A preoccupation with freedom of choice is also really evident in the way that my contemporaries approach raising families, as well. That is, if they do at all. Many people cannot imagine having children because once one does, one has many less options about how to spend their time. Who wants to give up that freedom?
Going to work is a chore; it is the 9-5 grind that we are all trained to brace for and endure. One works for the weekend. Why? Because one does not choose what their daily life looks like while working. On the weekends, one has all the control they desire.
I know I myself get frustrated when my weekend is filled with obligations, and I love when I get to do my choice of activities.
So when a secular gun rights advocate is opposed to abortion, and vice versa, I truly stand astounded. When arguing on purely secular terms, and when both prioritize such freedom to choose, it makes no sense for there to be opposition. Surely both parties can agree and value the priority of choice that the other desires. After all, when someone’s choice might seem to conflict with yours, but you want to honor their difference, the first thing you say might be “it’s your choice!”
Overall when our very politically divided nation can’t find anything to agree on, it’s important to fight and find common ground, or at the very least create it.
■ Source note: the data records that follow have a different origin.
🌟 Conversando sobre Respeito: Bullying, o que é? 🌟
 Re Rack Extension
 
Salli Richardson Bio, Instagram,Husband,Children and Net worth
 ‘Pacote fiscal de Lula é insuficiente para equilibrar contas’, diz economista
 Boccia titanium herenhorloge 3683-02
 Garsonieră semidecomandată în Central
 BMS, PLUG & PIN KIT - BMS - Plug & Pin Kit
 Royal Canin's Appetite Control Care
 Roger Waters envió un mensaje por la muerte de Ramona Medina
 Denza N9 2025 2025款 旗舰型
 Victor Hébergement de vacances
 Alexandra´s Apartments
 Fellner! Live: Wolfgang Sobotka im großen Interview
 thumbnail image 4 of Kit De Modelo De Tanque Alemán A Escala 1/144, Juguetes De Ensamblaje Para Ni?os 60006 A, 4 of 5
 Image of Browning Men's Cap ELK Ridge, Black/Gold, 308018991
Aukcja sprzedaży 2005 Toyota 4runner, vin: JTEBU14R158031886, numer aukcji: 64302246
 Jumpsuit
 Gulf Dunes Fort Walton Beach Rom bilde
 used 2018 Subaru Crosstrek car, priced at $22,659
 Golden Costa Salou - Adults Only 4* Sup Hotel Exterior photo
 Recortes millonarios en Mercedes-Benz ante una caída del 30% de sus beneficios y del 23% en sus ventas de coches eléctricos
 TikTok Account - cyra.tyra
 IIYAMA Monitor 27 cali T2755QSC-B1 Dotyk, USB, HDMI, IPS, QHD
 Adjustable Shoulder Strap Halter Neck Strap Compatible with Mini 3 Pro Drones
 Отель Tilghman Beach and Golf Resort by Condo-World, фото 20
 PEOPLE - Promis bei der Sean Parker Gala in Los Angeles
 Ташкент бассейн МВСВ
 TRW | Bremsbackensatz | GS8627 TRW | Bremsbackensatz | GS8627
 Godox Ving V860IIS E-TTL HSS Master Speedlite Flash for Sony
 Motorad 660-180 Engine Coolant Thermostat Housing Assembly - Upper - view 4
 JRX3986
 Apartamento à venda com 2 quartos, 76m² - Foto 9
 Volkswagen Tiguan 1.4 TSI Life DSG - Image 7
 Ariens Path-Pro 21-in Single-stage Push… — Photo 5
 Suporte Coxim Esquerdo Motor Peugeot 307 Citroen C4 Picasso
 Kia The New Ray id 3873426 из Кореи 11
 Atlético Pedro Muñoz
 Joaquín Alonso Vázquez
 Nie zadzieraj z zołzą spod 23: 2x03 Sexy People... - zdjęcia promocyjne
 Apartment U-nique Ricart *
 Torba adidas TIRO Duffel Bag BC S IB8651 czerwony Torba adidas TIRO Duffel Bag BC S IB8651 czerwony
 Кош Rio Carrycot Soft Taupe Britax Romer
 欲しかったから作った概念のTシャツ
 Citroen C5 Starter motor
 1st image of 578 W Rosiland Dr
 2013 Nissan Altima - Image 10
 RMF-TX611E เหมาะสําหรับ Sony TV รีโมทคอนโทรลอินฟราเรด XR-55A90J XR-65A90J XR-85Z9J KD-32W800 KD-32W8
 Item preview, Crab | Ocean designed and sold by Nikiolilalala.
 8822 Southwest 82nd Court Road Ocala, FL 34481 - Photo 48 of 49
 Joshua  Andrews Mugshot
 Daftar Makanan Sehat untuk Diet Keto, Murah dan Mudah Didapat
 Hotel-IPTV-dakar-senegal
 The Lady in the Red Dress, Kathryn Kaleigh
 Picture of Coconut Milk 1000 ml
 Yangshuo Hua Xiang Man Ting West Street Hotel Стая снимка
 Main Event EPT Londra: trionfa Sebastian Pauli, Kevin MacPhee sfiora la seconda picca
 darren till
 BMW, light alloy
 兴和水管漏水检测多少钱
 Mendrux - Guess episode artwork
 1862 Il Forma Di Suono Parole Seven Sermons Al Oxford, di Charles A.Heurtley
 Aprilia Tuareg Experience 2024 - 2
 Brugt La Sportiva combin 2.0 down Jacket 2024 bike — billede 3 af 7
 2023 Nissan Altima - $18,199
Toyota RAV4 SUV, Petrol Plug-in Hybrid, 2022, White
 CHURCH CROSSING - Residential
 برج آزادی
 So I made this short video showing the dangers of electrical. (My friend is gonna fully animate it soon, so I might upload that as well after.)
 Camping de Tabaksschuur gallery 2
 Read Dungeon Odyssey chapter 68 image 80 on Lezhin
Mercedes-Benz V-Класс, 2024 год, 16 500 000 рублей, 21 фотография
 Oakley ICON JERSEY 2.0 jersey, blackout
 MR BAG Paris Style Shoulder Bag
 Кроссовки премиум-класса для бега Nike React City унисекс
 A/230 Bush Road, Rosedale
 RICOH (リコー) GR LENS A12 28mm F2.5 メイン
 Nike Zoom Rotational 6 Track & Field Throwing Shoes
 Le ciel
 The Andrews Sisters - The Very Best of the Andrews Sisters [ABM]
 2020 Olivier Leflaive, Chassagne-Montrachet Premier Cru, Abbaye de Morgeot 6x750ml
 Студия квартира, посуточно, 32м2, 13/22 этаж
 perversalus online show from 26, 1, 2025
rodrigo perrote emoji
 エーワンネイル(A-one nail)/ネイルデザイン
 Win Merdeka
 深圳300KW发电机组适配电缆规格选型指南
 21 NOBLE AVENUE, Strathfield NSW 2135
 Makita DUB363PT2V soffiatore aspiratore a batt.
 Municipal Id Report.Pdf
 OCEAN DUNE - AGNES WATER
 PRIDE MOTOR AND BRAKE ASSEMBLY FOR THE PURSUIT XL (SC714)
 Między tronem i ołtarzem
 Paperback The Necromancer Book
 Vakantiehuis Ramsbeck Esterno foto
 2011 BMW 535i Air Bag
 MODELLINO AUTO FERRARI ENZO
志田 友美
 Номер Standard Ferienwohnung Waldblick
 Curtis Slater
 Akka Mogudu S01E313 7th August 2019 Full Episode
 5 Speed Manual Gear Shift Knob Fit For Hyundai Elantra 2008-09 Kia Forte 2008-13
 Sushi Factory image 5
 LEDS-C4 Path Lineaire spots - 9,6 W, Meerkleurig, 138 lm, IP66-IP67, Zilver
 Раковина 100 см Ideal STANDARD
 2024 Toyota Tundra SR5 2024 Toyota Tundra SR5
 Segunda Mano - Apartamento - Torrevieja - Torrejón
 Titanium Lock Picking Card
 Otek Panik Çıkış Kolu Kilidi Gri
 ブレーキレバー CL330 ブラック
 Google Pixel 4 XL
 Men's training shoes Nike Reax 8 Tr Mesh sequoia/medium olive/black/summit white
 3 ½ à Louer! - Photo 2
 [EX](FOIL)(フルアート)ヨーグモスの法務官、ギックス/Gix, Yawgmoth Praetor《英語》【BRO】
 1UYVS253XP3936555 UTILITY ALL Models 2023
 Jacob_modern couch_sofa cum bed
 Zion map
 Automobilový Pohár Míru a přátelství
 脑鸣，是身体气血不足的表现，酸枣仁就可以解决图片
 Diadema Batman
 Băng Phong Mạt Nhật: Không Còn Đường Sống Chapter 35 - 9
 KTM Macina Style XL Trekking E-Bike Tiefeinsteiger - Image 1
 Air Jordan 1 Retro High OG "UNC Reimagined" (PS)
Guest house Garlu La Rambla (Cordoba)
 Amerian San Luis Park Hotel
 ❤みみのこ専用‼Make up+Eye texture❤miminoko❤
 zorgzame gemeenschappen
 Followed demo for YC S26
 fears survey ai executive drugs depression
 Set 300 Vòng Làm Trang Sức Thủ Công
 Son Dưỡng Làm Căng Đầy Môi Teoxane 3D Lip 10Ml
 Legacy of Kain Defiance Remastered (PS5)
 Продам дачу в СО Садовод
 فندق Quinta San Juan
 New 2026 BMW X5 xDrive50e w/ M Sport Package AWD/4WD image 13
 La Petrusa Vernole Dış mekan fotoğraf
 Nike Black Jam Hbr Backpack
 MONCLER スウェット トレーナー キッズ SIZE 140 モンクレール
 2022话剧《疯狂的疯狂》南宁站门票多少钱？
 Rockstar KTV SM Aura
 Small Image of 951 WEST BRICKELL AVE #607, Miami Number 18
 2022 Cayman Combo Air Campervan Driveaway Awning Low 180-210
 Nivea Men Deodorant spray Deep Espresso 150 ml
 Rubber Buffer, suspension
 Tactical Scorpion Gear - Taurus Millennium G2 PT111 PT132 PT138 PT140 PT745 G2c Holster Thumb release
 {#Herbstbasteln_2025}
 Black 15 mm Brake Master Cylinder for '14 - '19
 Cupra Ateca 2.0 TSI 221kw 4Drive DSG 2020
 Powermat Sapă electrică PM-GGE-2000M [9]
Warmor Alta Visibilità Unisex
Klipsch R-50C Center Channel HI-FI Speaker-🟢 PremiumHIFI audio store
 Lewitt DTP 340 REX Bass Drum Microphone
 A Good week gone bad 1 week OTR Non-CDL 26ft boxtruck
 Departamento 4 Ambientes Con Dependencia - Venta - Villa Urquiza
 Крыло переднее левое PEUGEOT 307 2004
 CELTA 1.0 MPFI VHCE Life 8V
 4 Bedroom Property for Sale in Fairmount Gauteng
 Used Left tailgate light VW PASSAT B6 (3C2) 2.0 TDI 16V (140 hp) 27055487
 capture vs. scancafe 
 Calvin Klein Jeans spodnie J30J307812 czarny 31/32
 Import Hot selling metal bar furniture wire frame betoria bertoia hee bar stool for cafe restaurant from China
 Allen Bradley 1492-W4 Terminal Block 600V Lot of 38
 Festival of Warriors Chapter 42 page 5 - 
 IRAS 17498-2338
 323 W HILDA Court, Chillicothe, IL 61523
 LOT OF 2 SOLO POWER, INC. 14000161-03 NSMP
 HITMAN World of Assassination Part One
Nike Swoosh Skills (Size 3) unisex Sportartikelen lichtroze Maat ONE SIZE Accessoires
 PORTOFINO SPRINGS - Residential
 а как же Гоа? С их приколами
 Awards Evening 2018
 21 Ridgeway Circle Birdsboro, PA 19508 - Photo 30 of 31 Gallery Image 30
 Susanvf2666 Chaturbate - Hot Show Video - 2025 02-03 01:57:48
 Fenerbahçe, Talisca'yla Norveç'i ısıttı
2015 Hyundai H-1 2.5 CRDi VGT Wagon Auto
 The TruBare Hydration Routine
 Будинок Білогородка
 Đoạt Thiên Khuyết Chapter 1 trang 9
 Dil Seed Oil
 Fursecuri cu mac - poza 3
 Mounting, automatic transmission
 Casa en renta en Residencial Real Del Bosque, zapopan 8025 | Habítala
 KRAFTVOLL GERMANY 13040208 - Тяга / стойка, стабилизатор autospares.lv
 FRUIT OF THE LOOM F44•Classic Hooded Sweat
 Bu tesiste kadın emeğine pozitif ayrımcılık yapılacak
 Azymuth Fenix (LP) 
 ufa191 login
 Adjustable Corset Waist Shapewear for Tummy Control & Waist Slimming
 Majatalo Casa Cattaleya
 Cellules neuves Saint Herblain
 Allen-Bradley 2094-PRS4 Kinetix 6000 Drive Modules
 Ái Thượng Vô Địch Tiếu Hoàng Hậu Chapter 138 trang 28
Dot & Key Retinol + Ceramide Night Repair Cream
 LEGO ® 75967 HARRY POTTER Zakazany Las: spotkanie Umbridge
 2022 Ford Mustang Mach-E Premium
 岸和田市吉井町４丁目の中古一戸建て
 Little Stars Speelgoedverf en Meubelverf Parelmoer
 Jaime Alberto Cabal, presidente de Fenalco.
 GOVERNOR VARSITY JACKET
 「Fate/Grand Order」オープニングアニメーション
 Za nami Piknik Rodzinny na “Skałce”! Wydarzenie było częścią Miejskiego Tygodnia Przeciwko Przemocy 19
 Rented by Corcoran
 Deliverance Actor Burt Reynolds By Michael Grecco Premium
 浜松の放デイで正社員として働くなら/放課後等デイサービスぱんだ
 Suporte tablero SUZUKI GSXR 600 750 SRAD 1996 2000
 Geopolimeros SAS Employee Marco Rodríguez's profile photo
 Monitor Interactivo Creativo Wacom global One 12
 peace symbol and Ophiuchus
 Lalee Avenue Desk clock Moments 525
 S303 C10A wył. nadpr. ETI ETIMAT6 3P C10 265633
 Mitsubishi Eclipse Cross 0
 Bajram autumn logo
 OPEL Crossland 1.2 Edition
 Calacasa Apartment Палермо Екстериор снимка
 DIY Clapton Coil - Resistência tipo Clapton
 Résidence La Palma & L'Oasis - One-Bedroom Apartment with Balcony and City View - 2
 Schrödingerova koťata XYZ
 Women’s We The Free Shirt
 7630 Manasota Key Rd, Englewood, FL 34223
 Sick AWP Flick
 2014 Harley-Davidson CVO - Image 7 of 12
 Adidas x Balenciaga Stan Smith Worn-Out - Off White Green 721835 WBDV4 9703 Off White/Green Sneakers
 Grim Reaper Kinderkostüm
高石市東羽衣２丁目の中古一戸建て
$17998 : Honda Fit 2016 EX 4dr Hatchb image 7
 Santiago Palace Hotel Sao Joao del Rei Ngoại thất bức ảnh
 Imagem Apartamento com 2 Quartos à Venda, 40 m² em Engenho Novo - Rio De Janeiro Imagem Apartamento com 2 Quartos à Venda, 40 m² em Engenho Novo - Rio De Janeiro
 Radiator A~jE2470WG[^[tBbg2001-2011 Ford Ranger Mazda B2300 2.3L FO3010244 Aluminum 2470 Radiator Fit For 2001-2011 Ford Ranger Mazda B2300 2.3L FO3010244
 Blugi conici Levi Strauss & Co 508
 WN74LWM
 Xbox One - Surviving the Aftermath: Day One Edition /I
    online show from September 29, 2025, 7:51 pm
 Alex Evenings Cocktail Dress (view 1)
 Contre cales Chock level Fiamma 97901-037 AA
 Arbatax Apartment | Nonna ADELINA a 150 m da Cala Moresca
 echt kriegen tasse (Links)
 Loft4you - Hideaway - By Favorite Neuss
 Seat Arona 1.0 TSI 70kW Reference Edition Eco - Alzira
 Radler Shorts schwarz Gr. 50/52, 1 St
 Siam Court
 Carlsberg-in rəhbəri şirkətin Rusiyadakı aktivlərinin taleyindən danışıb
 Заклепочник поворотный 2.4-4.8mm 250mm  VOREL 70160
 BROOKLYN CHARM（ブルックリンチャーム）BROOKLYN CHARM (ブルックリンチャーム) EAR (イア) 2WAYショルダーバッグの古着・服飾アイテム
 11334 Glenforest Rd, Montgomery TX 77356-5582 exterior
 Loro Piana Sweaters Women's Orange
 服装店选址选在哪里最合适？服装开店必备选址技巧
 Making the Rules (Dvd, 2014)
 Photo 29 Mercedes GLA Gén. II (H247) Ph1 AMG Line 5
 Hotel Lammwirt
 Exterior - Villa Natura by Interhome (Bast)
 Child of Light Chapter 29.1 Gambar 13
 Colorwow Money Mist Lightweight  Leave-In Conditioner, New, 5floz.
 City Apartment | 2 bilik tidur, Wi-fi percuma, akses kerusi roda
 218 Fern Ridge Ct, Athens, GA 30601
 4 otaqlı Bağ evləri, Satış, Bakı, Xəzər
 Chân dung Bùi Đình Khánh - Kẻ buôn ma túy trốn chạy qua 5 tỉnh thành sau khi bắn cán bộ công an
What better ground than this?
This is only the beginning, though.
As Bishop Barron illustrates, Freedom of Choice is something of an illusion. The appearance goes something like this:
- Pleasurable activities make me happy.
- The more good activities I do, the more happy I am.
- I have to choose activities to do them.
- Therefore: I should choose as many of my activities as possible.
Everyone knows, though, that having a lot of choices to make is often burdensome. In fact what Bishop Barron might point out is that when one is consumed with prioritizing a freedom of choice, one becomes a slave to their choices. Time has to be spent, effort has to be made, and consequences must be faced, all to prioritize a freedom of choice.
Counter to Freedom of Choice, as I have said, is Freedom for Excellence. By appealing to a higher or more external authority to determine what is or isn’t appropriate, correct, or quotidian, one is more truly free to excel at what is presented to them. Bishop Barron’s classic examples of two people who have done this are Shakespeare and Michael Jordan. Both have found excellence and goodness not because they made all the right choices from scratch, but because they stuck to all of the rules (of the English language and of basketball, respectively), and made artistic choices within the proper confines of them. This is the true mark of their excellence : that they stuck to the rules.
Some see the Catholic Church’s depth of regulation as an obstacle to happiness, but the reality is that it is actually essential to any chance of lasting goodness.